*YOUR ASSIGNMENT*:
An exact copy of the lines of the listing below between the "151010048 Obey Isar" line and the "Two Limoges Porcelain" line, both included, is the whole answer; please omit the pictures.

*PROVIDED DATA*:
----
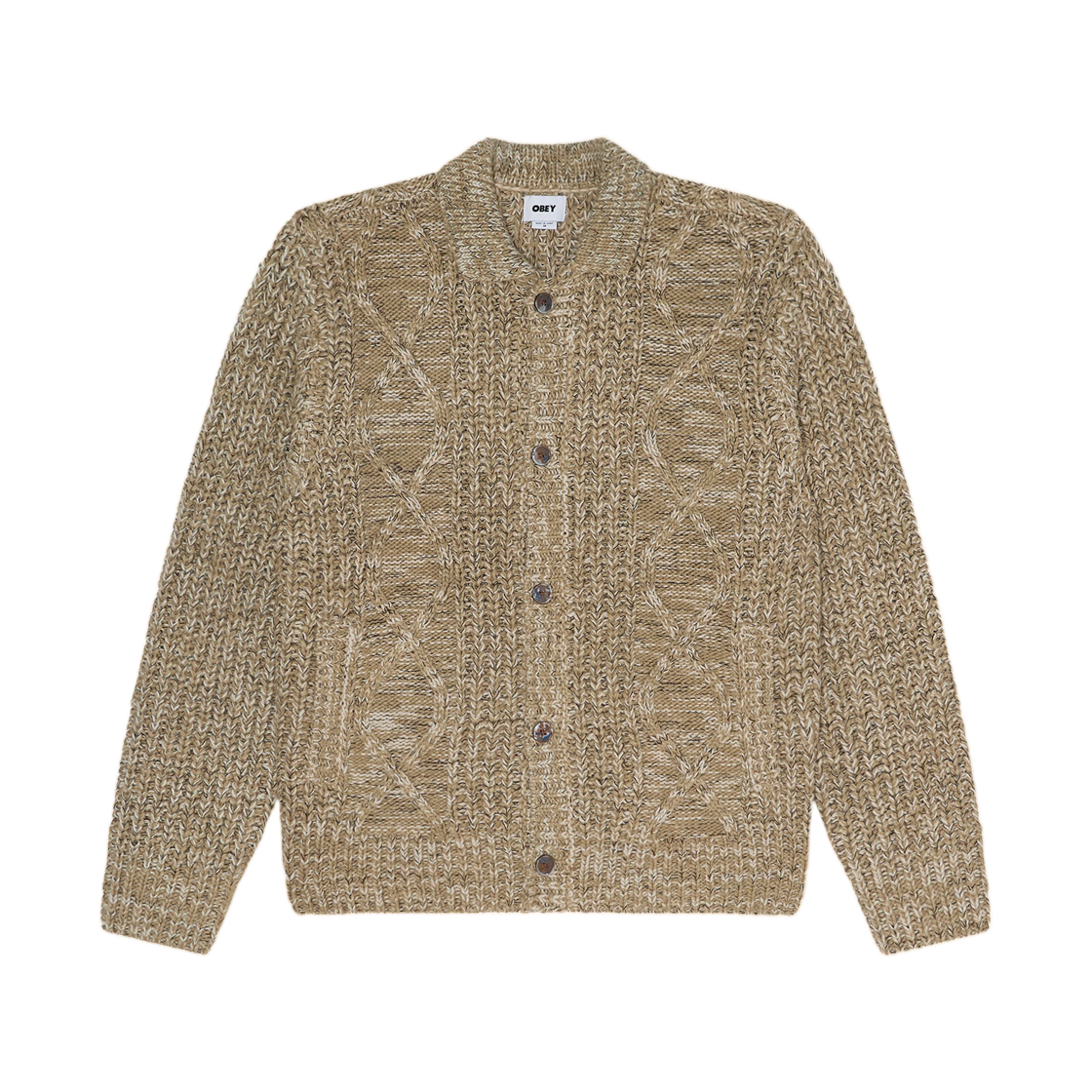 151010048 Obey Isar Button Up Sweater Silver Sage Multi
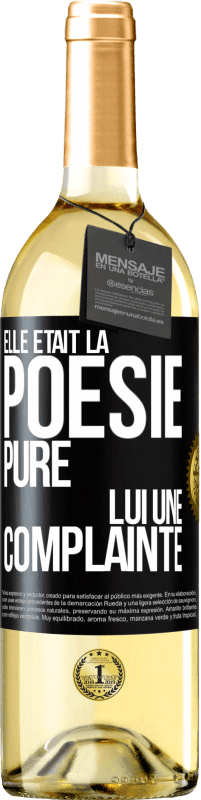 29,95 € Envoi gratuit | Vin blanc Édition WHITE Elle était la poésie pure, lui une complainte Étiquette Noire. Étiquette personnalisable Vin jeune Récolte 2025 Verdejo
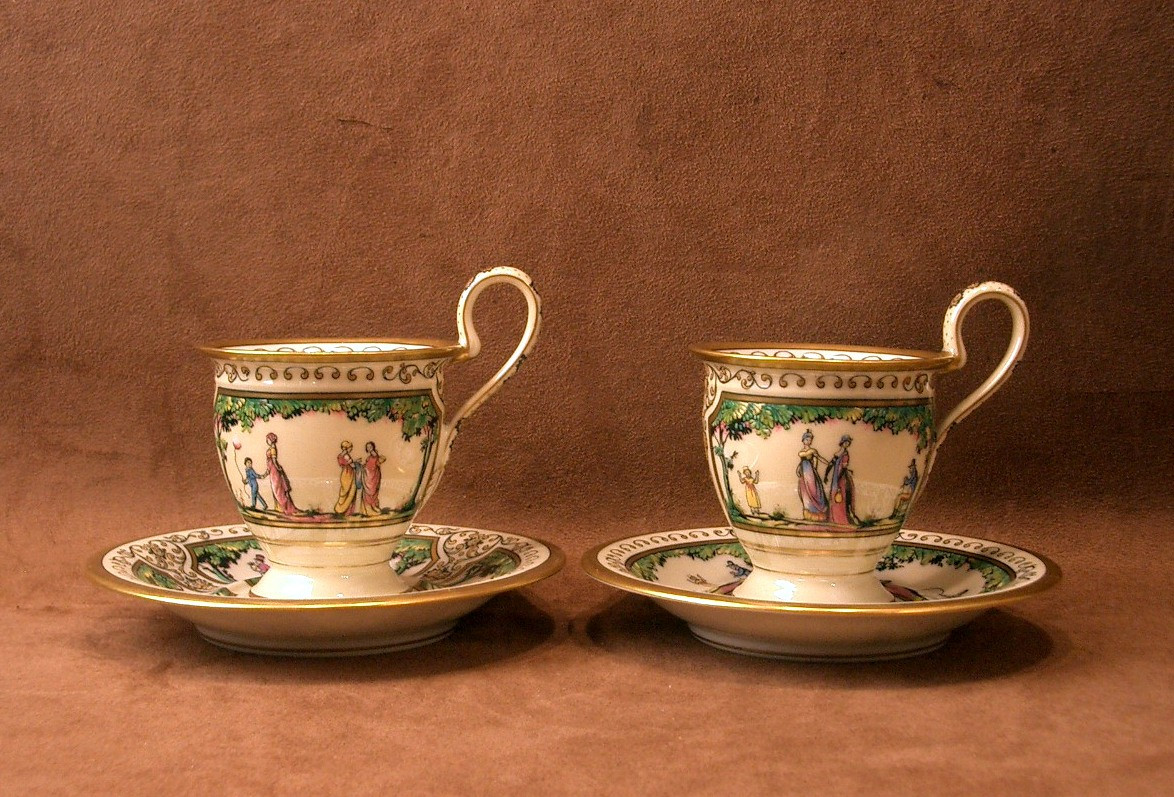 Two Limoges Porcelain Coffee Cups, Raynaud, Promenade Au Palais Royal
----
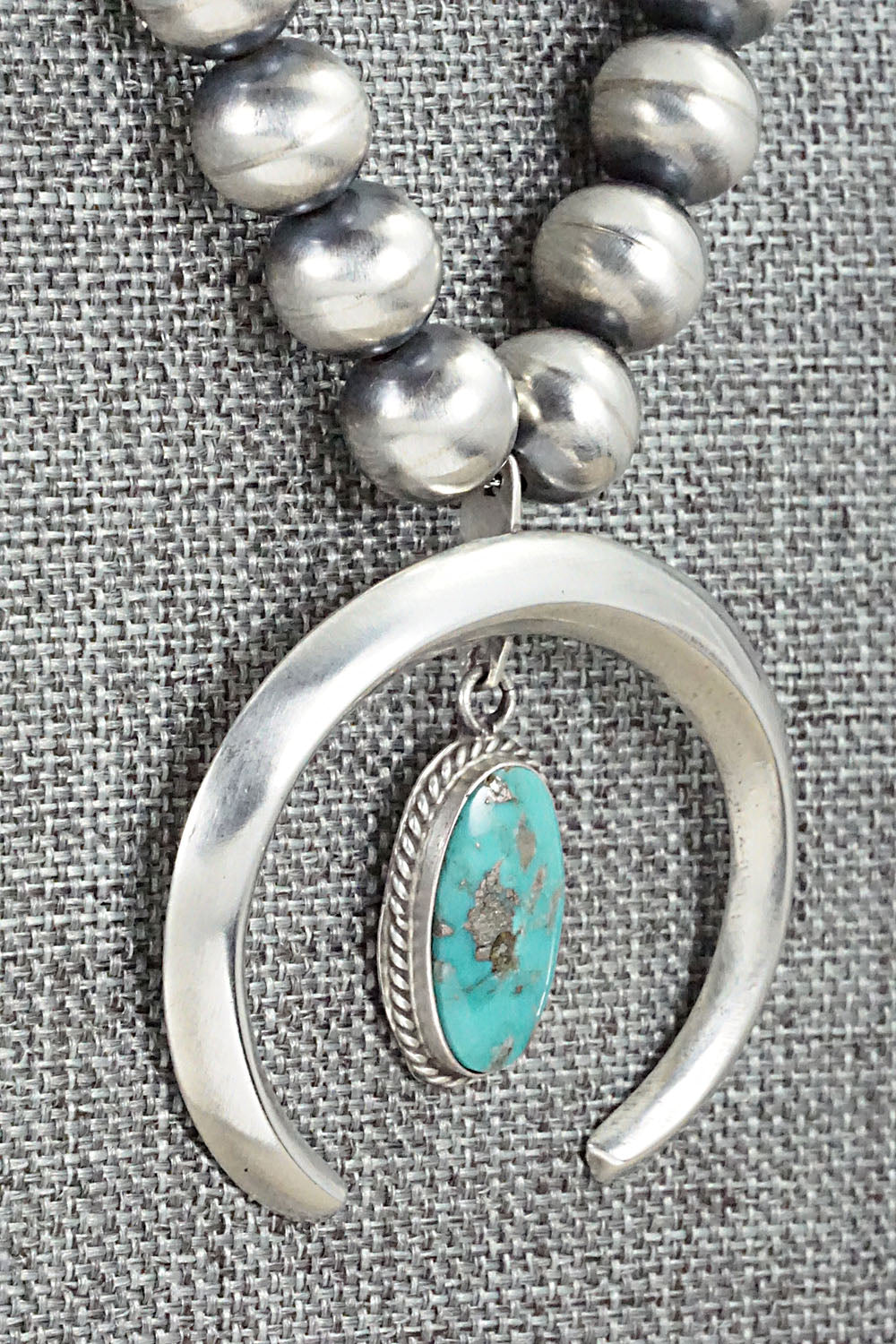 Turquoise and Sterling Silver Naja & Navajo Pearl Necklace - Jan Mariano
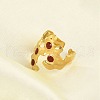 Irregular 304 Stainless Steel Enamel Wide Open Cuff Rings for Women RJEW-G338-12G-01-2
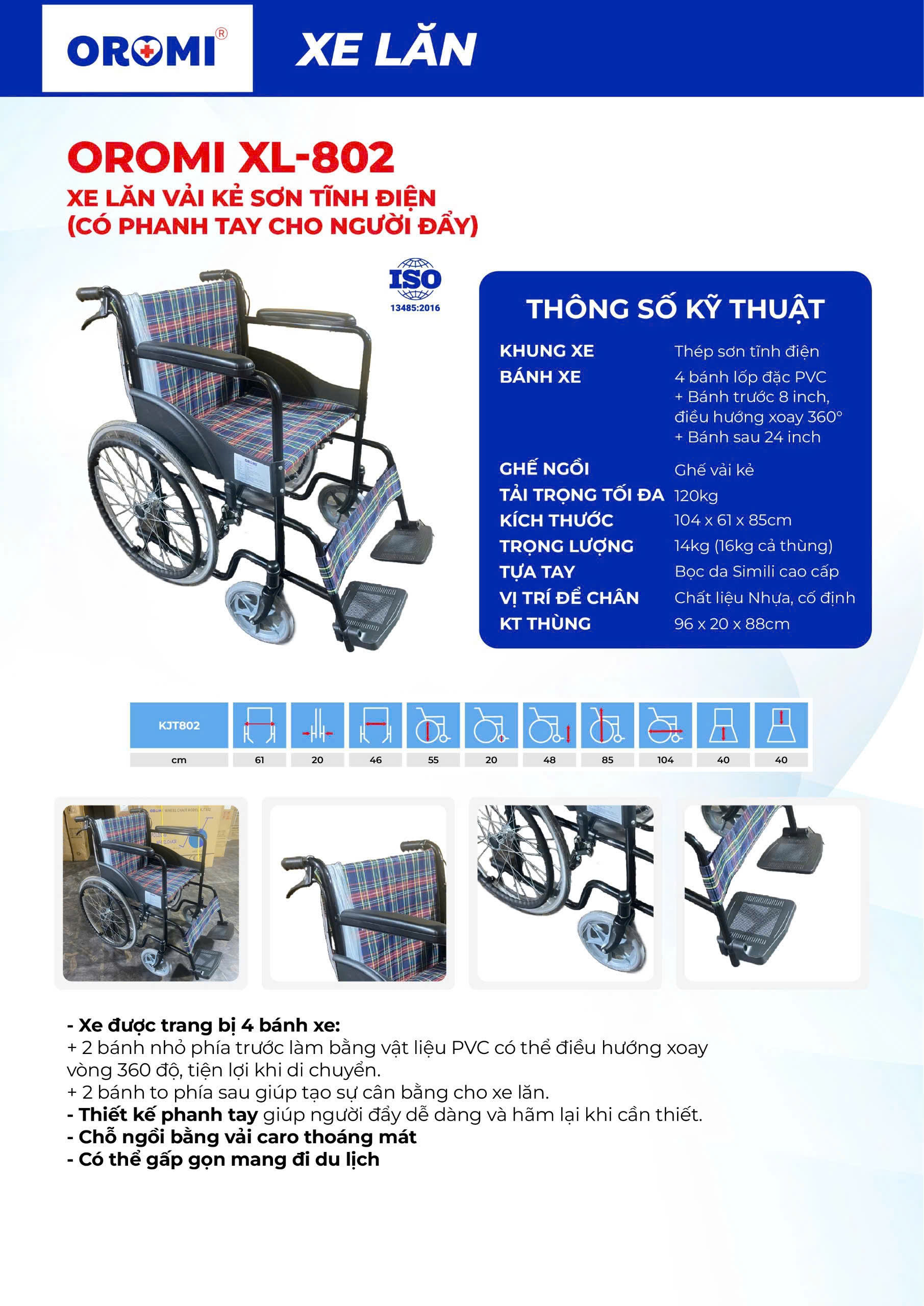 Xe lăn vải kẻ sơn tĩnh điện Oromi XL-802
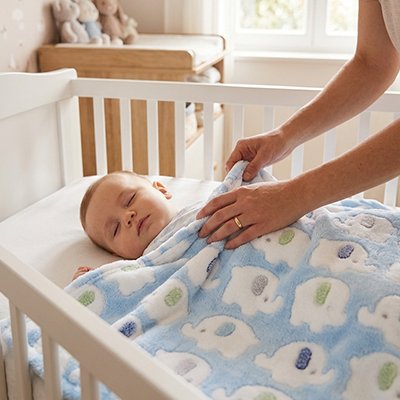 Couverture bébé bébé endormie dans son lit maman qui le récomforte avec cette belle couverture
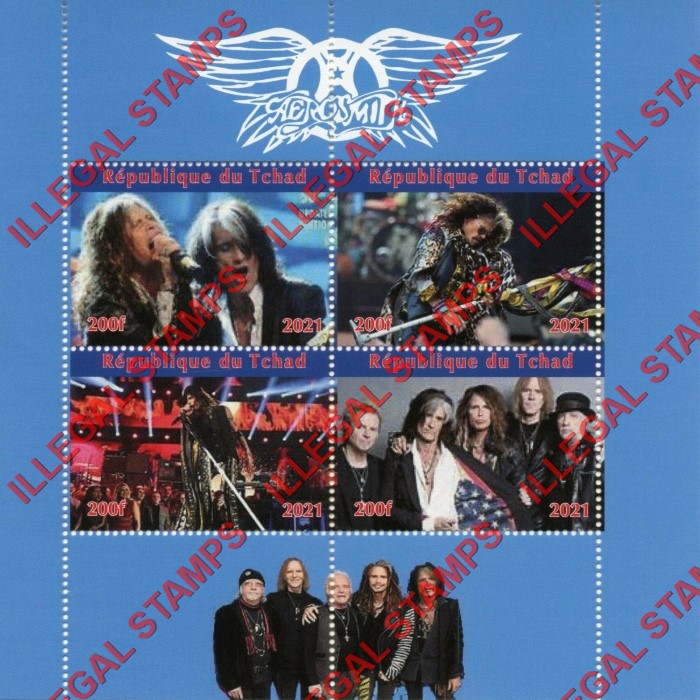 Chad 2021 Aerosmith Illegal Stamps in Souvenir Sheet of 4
----
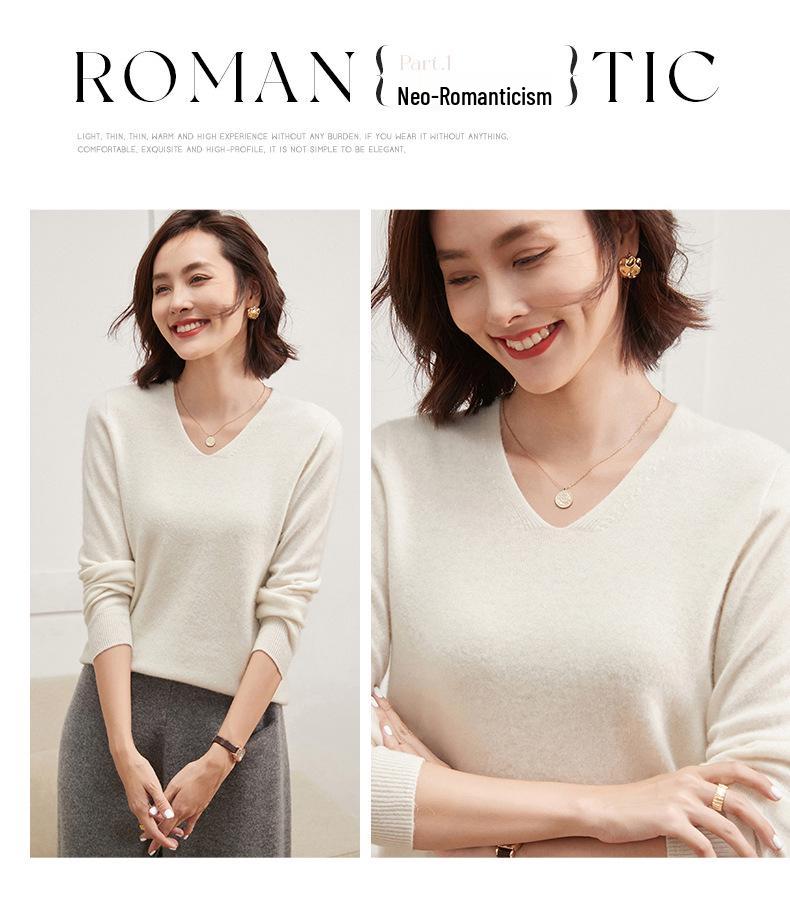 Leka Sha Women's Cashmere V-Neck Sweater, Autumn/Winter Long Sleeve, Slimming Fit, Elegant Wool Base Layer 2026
----
*ANSWER TO THIS EXERCISE*:
 151010048 Obey Isar Button Up Sweater Silver Sage Multi
 29,95 € Envoi gratuit | Vin blanc Édition WHITE Elle était la poésie pure, lui une complainte Étiquette Noire. Étiquette personnalisable Vin jeune Récolte 2025 Verdejo
 Two Limoges Porcelain Coffee Cups, Raynaud, Promenade Au Palais Royal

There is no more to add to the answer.